PROBLEM DETAILS: Repeat the lines from the line with "Air Jordan 4" to the line with "- Silver Voche" in the listing below, keeping both end lines and adding nothing.
EXTRACTED RECORDS: Begin
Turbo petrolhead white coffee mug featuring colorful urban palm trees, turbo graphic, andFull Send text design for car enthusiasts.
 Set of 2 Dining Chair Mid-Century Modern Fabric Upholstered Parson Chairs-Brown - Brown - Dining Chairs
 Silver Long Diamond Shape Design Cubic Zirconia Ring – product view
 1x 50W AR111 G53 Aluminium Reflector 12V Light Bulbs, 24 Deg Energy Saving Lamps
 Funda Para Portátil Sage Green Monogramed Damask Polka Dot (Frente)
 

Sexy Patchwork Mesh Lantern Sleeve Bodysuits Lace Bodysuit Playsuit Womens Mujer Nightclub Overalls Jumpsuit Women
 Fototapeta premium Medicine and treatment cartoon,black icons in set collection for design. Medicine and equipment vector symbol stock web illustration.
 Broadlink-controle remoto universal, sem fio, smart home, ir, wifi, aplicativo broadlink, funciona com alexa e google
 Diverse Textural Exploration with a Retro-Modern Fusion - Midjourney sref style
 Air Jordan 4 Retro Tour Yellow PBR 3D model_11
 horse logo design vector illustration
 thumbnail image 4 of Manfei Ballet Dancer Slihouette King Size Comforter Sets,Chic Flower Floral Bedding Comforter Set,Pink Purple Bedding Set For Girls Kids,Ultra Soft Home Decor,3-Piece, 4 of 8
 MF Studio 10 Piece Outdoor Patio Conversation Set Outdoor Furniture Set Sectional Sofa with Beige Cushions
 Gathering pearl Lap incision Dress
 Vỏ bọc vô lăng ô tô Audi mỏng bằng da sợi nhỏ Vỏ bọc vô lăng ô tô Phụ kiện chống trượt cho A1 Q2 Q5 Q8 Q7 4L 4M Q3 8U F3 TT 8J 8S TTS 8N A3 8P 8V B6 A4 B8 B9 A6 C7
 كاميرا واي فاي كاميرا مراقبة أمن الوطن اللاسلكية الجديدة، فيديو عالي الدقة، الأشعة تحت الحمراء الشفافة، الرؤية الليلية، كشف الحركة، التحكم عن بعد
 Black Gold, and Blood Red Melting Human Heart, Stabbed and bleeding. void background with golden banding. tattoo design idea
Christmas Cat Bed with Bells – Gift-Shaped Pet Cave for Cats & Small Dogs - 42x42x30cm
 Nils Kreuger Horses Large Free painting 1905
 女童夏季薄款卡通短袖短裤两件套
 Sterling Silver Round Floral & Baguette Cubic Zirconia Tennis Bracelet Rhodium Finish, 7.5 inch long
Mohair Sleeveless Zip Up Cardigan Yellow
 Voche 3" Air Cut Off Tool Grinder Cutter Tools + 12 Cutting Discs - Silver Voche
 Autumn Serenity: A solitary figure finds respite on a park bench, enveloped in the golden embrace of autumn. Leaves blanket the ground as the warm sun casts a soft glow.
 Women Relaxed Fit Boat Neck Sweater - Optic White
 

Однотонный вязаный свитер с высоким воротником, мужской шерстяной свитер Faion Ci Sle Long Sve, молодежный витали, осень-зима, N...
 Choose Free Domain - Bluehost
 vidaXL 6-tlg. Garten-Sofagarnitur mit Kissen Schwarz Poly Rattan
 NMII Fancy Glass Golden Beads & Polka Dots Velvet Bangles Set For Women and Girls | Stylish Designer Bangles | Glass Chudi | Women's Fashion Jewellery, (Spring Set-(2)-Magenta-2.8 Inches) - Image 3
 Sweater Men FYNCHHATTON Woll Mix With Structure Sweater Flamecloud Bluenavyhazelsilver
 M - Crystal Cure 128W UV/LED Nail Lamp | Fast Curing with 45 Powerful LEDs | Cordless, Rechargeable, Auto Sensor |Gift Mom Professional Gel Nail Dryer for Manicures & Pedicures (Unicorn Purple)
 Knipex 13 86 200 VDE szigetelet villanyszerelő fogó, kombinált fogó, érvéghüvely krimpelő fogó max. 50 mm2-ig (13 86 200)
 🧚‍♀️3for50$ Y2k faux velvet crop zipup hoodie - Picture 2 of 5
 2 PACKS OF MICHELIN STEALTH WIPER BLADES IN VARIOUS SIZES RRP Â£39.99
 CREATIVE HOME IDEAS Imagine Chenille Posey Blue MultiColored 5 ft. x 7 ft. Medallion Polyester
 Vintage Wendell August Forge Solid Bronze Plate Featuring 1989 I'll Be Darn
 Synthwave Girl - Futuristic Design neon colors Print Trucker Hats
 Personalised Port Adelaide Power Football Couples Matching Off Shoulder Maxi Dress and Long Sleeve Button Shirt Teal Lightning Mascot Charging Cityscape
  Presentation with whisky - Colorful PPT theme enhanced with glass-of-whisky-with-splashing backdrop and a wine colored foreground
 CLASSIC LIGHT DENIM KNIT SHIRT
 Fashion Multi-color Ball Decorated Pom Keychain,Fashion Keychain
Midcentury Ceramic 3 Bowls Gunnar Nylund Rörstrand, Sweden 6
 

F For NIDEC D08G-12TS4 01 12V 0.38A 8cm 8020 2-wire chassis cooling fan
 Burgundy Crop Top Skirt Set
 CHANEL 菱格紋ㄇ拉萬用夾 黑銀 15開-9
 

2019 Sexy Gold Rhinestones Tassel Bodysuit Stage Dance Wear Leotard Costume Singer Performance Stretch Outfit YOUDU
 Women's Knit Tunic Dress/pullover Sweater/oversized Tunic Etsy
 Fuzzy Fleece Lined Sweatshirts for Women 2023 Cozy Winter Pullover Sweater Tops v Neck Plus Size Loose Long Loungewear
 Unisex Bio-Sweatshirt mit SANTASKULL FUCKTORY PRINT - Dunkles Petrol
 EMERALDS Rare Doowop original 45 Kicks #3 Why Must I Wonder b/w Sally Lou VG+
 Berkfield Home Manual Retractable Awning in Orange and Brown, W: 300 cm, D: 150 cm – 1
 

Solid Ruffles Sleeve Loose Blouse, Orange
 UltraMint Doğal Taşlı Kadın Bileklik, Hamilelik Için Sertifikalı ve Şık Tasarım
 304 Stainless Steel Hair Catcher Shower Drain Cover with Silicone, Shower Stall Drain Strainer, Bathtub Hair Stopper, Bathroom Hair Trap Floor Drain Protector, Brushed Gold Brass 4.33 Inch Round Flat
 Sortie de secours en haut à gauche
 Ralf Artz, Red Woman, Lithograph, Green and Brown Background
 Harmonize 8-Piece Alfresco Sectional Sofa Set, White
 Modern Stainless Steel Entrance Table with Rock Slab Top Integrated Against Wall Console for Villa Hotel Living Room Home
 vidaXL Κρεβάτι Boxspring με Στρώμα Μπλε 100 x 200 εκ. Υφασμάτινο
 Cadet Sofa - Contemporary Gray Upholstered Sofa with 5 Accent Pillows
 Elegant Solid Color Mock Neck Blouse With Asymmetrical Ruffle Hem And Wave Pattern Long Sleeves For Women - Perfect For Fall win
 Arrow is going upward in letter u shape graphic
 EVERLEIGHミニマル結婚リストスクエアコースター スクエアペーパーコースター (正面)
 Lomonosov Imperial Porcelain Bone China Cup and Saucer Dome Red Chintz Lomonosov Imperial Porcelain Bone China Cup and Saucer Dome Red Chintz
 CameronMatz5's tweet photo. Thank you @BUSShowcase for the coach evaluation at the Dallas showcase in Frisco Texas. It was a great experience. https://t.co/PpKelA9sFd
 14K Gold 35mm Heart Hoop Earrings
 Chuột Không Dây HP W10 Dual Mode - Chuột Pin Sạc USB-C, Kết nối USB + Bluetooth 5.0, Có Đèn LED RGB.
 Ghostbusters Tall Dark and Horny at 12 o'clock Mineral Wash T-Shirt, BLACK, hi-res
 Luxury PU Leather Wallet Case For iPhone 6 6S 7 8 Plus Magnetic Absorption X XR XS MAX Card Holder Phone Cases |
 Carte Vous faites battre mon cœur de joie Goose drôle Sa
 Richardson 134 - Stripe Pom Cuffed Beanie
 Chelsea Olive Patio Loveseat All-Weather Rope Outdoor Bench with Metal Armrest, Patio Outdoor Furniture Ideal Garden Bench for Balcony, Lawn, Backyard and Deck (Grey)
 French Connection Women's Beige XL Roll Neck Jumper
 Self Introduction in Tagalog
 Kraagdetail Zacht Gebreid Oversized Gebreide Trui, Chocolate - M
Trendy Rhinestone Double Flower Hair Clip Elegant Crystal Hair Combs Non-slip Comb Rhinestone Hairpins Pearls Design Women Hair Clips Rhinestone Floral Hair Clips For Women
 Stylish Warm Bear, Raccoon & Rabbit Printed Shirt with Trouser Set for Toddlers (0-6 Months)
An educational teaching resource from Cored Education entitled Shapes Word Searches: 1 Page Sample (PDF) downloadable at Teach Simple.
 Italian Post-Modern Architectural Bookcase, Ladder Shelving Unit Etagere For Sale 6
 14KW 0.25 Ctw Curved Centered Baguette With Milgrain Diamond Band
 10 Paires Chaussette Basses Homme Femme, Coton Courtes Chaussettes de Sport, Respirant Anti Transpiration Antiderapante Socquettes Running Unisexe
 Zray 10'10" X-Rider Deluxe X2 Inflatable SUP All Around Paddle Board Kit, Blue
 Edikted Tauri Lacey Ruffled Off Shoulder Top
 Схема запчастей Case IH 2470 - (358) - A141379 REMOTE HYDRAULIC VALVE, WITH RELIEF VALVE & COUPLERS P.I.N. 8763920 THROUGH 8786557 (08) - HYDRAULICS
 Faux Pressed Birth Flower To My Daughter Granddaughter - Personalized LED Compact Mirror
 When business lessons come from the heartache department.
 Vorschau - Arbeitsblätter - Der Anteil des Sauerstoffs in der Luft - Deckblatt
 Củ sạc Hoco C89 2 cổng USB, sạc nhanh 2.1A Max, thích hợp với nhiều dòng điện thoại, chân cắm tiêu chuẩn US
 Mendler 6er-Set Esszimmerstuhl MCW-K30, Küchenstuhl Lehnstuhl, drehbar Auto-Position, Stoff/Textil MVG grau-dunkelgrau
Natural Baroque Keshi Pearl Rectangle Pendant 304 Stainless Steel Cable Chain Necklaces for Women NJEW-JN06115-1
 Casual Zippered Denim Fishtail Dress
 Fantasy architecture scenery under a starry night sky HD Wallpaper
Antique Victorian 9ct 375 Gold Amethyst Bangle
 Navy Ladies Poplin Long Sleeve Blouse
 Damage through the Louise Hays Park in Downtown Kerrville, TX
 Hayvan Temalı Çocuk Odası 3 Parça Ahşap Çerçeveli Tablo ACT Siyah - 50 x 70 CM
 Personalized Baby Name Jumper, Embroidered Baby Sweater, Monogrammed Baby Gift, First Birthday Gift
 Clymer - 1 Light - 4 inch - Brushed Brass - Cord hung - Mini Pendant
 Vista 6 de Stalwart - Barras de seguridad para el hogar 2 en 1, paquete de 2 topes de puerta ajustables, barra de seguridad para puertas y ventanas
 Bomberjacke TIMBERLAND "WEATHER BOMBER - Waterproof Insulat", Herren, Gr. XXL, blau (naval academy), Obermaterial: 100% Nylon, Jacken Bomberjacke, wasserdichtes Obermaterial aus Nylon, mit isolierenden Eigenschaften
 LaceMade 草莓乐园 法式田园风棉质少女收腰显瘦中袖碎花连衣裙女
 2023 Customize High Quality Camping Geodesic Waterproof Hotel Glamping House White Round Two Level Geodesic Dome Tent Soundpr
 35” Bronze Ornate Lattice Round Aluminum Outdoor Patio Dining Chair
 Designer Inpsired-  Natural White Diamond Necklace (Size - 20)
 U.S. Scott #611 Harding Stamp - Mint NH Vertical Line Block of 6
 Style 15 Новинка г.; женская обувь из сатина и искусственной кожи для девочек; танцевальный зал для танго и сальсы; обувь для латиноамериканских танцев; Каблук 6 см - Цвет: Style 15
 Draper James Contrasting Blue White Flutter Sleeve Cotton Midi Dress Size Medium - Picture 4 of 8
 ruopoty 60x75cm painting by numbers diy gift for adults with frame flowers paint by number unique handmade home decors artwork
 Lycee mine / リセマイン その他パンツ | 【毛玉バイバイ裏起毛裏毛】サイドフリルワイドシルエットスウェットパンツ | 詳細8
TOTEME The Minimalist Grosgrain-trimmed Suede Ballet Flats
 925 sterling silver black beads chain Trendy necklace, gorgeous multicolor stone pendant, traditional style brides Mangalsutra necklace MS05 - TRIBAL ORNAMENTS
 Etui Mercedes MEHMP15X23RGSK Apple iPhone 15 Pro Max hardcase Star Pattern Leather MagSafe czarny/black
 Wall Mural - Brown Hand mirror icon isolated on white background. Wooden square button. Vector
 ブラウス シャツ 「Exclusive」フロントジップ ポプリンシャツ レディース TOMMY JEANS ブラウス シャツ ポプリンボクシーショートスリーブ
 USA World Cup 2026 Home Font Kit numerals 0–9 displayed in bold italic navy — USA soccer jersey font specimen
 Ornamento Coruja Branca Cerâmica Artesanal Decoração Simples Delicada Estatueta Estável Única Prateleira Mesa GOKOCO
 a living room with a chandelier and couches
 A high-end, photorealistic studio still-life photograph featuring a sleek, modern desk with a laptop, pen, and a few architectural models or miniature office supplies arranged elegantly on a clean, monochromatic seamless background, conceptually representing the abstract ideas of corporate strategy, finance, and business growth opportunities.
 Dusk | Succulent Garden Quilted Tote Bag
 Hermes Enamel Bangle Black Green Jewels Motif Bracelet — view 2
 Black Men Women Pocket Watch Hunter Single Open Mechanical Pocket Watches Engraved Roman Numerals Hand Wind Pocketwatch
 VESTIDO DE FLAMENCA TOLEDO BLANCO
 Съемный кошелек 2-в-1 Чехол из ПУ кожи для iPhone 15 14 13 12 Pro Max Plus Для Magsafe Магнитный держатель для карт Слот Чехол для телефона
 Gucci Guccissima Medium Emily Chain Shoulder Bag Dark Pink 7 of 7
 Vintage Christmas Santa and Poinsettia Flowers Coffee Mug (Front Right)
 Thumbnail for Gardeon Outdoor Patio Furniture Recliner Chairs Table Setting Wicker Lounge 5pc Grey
EXTRACTED RECORDS: End
TASK ANSWER:
 Air Jordan 4 Retro Tour Yellow PBR 3D model_11
 horse logo design vector illustration
 thumbnail image 4 of Manfei Ballet Dancer Slihouette King Size Comforter Sets,Chic Flower Floral Bedding Comforter Set,Pink Purple Bedding Set For Girls Kids,Ultra Soft Home Decor,3-Piece, 4 of 8
 MF Studio 10 Piece Outdoor Patio Conversation Set Outdoor Furniture Set Sectional Sofa with Beige Cushions
 Gathering pearl Lap incision Dress
 Vỏ bọc vô lăng ô tô Audi mỏng bằng da sợi nhỏ Vỏ bọc vô lăng ô tô Phụ kiện chống trượt cho A1 Q2 Q5 Q8 Q7 4L 4M Q3 8U F3 TT 8J 8S TTS 8N A3 8P 8V B6 A4 B8 B9 A6 C7
 كاميرا واي فاي كاميرا مراقبة أمن الوطن اللاسلكية الجديدة، فيديو عالي الدقة، الأشعة تحت الحمراء الشفافة، الرؤية الليلية، كشف الحركة، التحكم عن بعد
 Black Gold, and Blood Red Melting Human Heart, Stabbed and bleeding. void background with golden banding. tattoo design idea
Christmas Cat Bed with Bells – Gift-Shaped Pet Cave for Cats & Small Dogs - 42x42x30cm
 Nils Kreuger Horses Large Free painting 1905
 女童夏季薄款卡通短袖短裤两件套
 Sterling Silver Round Floral & Baguette Cubic Zirconia Tennis Bracelet Rhodium Finish, 7.5 inch long
Mohair Sleeveless Zip Up Cardigan Yellow
 Voche 3" Air Cut Off Tool Grinder Cutter Tools + 12 Cutting Discs - Silver Voche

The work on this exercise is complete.